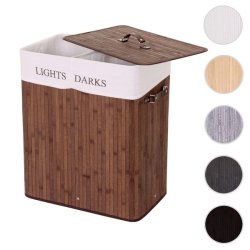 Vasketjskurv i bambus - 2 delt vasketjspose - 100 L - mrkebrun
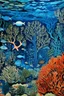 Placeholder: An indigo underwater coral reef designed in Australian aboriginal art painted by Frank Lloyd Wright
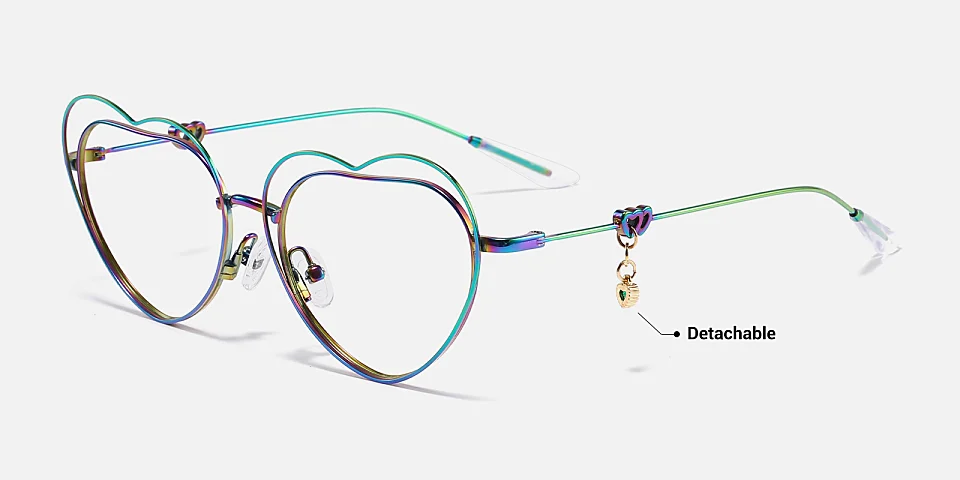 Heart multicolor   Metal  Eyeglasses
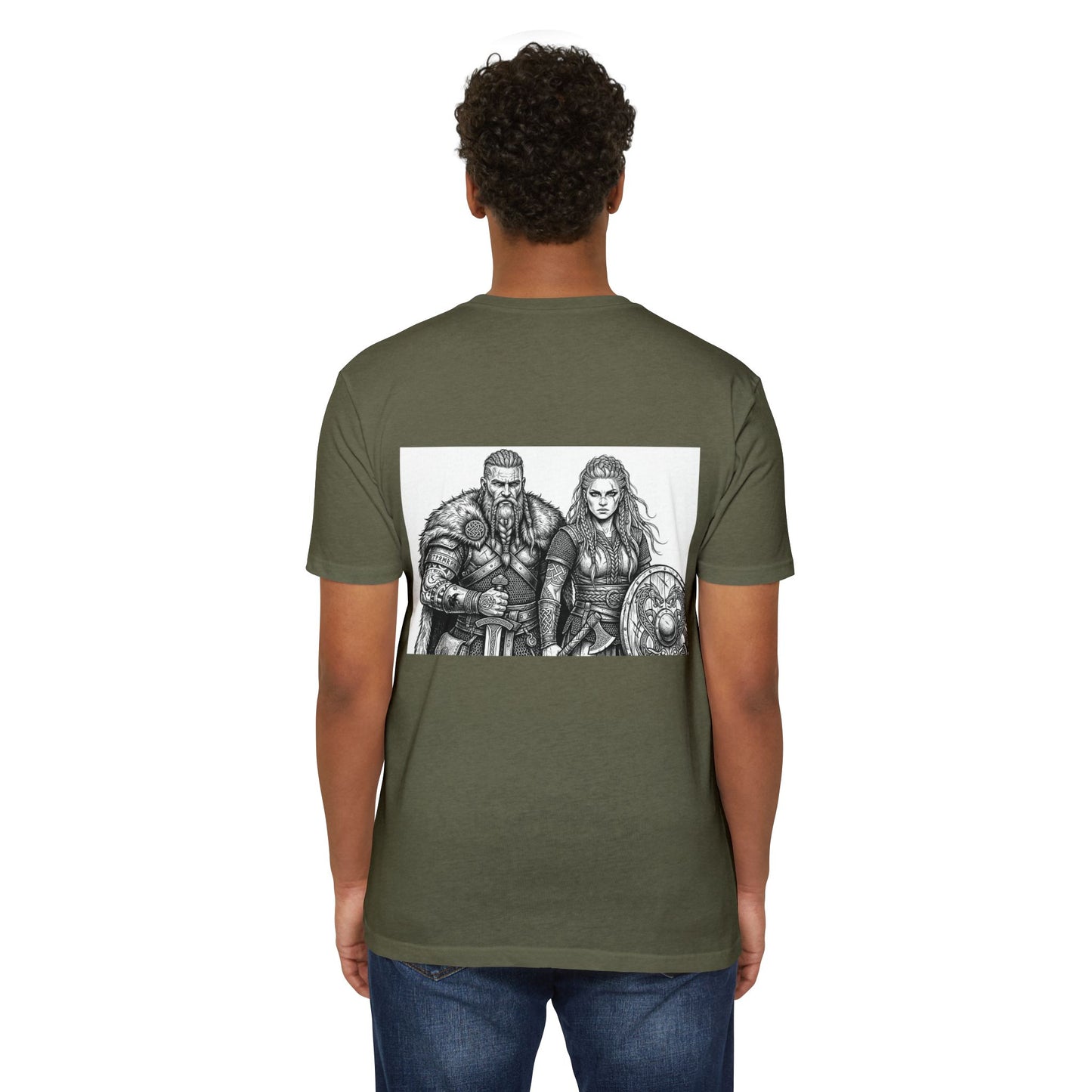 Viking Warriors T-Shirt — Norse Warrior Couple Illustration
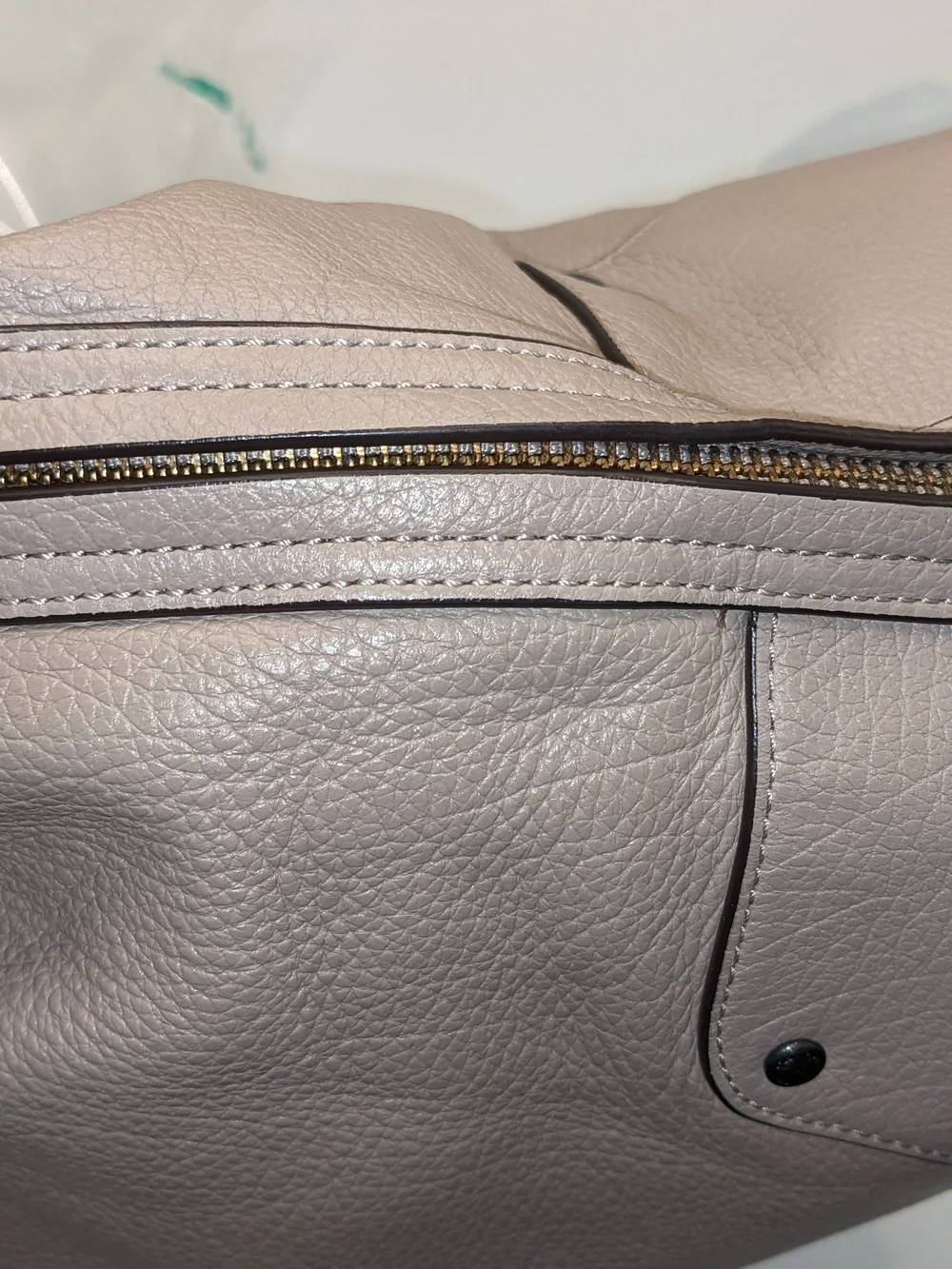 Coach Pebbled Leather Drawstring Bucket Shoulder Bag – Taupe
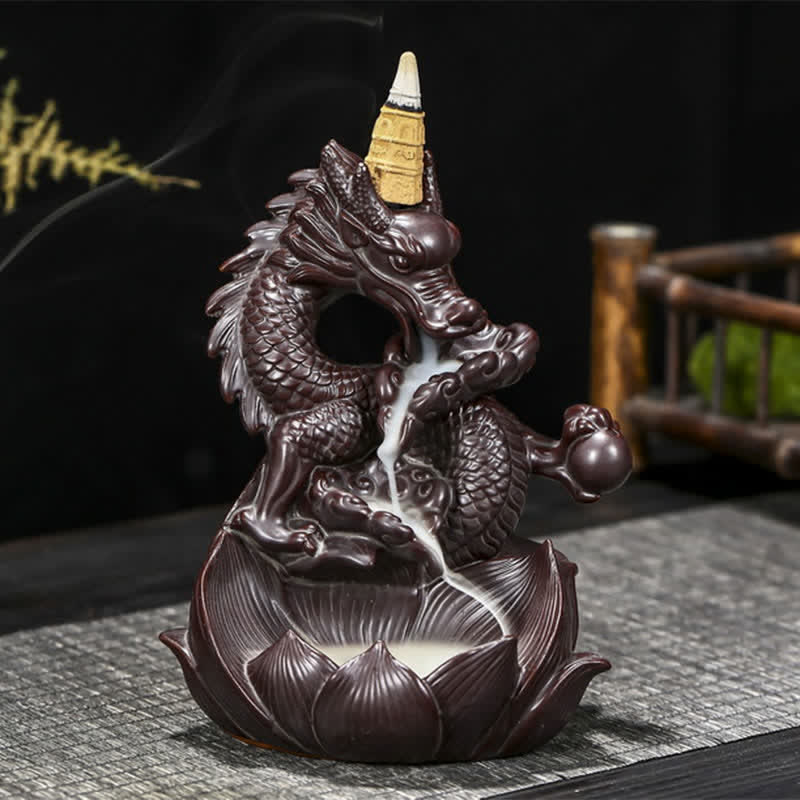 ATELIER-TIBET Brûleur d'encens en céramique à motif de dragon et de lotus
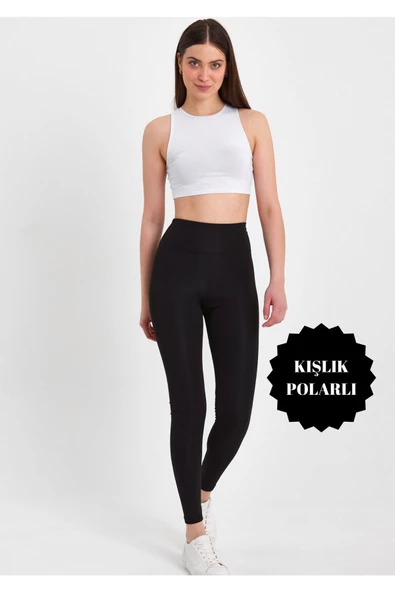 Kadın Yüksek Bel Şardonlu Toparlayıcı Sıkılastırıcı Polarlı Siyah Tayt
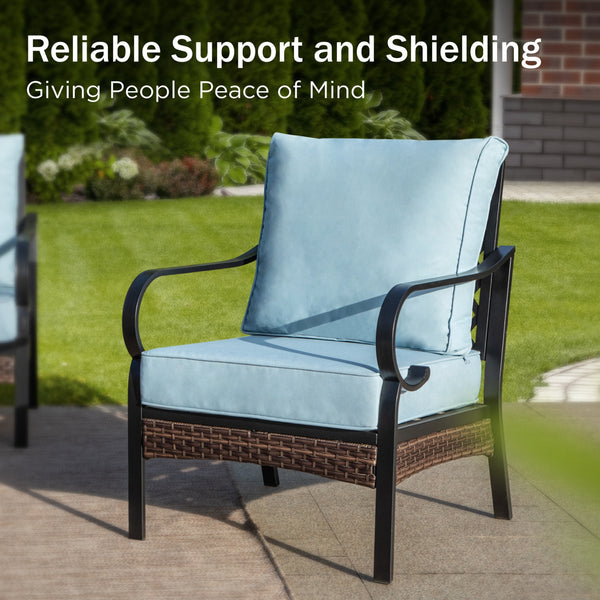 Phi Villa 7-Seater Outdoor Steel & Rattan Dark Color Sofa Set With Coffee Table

********************

Task to carry out
Please retype the whole listing above word for word and drop the pictures.

Response to this task
 Vasketjskurv i bambus - 2 delt vasketjspose - 100 L - mrkebrun
 Placeholder: An indigo underwater coral reef designed in Australian aboriginal art painted by Frank Lloyd Wright
 Heart multicolor   Metal  Eyeglasses
 Viking Warriors T-Shirt — Norse Warrior Couple Illustration
 Coach Pebbled Leather Drawstring Bucket Shoulder Bag – Taupe
 ATELIER-TIBET Brûleur d'encens en céramique à motif de dragon et de lotus
 Kadın Yüksek Bel Şardonlu Toparlayıcı Sıkılastırıcı Polarlı Siyah Tayt
 Phi Villa 7-Seater Outdoor Steel & Rattan Dark Color Sofa Set With Coffee Table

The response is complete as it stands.